Single by Crystal Gayle

from the album Miss the Mississippi
- B-side: "Danger Zone"
- Released: May 10, 1980
- Genre: Country
- Length: 3:18
- Label: Columbia
- Songwriters: David Lasley, Allee Willis
- Producer: Allen Reynolds

Crystal Gayle singles chronology
| "It's Like We Never Said Goodbye" (1980) | "The Blue Side" (1980) | "If You Ever Change Your Mind" (1980) |

= The Blue Side =

"The Blue Side" is a song written by David Lasley and Allee Willis, and recorded by American country music artist Crystal Gayle. It was released in May 1980 as the third single from the album Miss the Mississippi.

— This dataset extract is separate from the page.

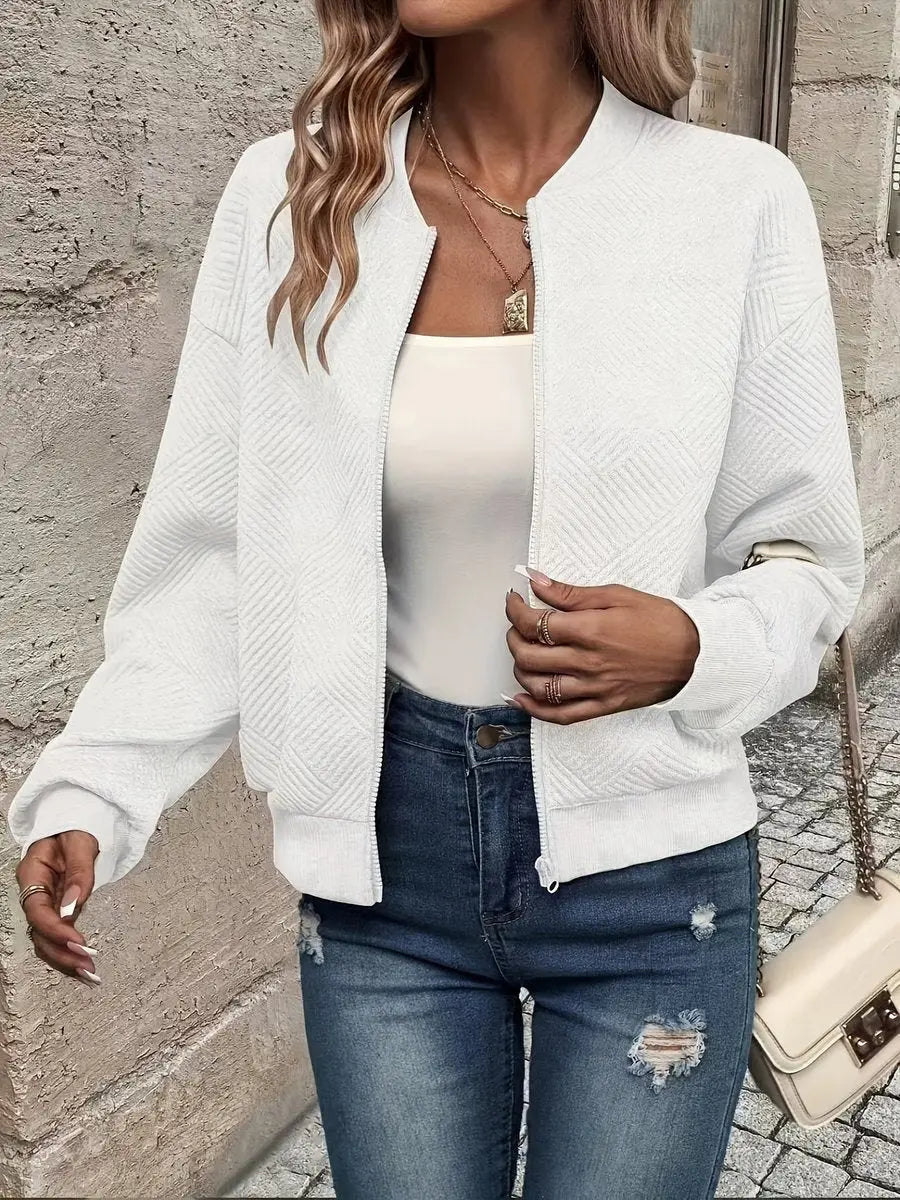 Ladies' modern cropped quilted bomber jacket, a chic zip-up option for daily outfits & casual wear.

The song reached number 8 on the Billboard Hot Country Singles & Tracks.

==Critical reception==
Prior to the song's official release, Billboard noted that the new single was "slower and bluesier then her previous efforts" made for United Artists Records, piano parts resembled "Don't It Make My Brown Eyes Blue".

==Chart performance==

| Chart (1980) | Peak position |
|---|---|
| US Hot Country Songs (Billboard) | 8 |
| US Billboard Hot 100 | 81 |
| US Adult Contemporary (Billboard) | 16 |
| Canadian RPM Country Tracks | 4 |
| Canadian RPM Adult Contemporary | 3 |

==Popular culture==
It was featured in the background of a barroom scene in the Paul Newman crime drama Fort Apache, The Bronx.